VCs are also redirecting the cash flow and reducing their funding of early-stage start-ups from one quarter to one fifth of all transactions. That suggests venture capitalists are focusing more on funding existing portfolio companies. “There’s a shift away from frenzied first-round investing as VCs budget for future rounds,” says Reyes. “The trend will continue for the rest of this year.”
Companies that focus exclusively on the Internet accounted for 45 percent of total investment, down from 50 percent in the second quarter. Communications companies accounted for 18 percent of deals, and computer software and services came in third at 12 percent. Several Internet-related sectors fell out of favor. Funding for Web software and tools dropped from $4.1 billion in the second quarter to $2.8 billion in the third. Money for e-commerce and content companies fell from $10.3 billion in the second quarter to $7.7 billion.
Although capital continues to flow, returns are diminishing. They hit the skids in the second quarter, producing a 3.9 percent internal rate of return, according to a report released earlier this month by Venture Economics. That number was far less than the high of 59 percent reached in the fourth quarter of last year.
“Returns have to drop for a significant part of the venture business,” says Jim Breyer, a venture capitalist at Accel Partners, which recently raised a $1.6 billion fund. “We told every one of our limited partners that we didn’t expect to post the same kind of returns we’ve seen over the last few years.”

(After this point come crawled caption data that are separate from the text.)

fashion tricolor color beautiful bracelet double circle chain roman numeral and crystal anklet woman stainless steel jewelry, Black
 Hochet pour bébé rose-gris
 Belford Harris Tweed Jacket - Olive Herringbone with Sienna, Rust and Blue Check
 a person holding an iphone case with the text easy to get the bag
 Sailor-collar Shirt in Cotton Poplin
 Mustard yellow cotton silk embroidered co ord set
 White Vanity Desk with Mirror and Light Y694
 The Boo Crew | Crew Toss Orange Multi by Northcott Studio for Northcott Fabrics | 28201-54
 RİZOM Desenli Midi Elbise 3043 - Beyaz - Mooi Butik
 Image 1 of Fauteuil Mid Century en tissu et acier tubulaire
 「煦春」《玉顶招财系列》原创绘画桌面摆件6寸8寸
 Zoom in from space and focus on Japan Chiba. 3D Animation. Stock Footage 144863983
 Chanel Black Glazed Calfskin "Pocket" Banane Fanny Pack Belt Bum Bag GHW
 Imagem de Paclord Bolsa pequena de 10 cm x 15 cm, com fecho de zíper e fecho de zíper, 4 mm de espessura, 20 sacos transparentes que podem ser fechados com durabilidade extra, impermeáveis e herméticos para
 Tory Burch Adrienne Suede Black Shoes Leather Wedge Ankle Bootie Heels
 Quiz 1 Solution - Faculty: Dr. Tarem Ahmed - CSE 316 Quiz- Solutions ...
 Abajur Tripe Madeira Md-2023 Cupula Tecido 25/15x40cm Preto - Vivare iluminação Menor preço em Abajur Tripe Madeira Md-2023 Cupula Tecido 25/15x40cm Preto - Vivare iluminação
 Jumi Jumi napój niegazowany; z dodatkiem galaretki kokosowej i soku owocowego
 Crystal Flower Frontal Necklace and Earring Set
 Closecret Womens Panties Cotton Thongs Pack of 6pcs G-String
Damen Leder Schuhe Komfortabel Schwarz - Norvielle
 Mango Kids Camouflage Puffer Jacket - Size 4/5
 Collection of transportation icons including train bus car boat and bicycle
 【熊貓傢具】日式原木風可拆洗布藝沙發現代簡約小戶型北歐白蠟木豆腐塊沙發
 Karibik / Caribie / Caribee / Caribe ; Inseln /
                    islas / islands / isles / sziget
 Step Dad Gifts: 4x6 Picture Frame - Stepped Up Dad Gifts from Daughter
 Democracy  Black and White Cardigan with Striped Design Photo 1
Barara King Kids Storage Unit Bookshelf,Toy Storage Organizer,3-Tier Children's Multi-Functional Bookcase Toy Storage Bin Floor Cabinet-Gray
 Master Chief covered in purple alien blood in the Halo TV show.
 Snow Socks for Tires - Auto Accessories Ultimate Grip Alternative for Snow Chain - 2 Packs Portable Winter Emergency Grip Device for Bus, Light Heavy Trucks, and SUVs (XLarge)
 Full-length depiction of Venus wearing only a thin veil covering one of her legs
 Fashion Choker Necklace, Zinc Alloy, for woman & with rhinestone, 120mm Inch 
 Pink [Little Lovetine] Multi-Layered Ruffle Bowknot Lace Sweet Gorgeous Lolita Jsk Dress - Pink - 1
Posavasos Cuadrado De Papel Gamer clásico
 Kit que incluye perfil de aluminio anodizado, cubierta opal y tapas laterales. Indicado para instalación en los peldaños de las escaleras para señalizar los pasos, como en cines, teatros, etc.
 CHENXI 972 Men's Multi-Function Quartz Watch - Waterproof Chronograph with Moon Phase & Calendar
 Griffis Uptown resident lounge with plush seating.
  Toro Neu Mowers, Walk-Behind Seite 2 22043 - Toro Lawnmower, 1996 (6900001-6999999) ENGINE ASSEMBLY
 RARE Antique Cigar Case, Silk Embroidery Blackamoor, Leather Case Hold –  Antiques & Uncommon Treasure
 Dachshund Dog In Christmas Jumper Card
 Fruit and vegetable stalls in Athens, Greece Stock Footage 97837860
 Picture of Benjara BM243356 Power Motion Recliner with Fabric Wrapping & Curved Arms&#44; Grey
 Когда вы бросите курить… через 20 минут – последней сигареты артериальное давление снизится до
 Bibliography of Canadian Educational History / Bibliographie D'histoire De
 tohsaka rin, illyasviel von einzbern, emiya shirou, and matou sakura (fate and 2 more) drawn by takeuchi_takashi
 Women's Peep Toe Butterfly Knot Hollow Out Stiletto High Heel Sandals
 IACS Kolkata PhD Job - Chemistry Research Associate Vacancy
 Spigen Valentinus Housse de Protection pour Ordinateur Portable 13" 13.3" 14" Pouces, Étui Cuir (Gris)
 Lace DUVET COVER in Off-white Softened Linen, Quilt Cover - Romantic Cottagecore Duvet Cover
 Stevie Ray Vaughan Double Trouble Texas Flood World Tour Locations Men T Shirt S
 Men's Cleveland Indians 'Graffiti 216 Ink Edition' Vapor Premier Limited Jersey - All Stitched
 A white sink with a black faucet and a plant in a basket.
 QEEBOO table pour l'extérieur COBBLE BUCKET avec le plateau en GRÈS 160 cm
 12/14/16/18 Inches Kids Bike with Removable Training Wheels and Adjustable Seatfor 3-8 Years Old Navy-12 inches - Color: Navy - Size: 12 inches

Nonetheless, investors are looking for blockbuster hits. These days, they’re placing their biggest bets on telecommunications plays. Though a telecom-company craze may be developing, investors insist these firms are solid. Says Reyes, “In many cases, there were no tangible assets with the dot-coms”– a fact that became evident as many went bankrupt and had only their customer lists to sell.
In contrast, Breyer says optical, broadband, wireless and Internet-infrastructure companies have real technology assets and are routinely experiencing growth rates of 200 percent to 400 percent. And many of them can’t build enough products to satisfy demand–a different story from dot-coms that spent much of their lives trying to manufacture demand for their wares.
In most cases, the attempt to create demand proved futile. Too bad it took so many people a couple of years–and about $100 billion–to learn that lesson.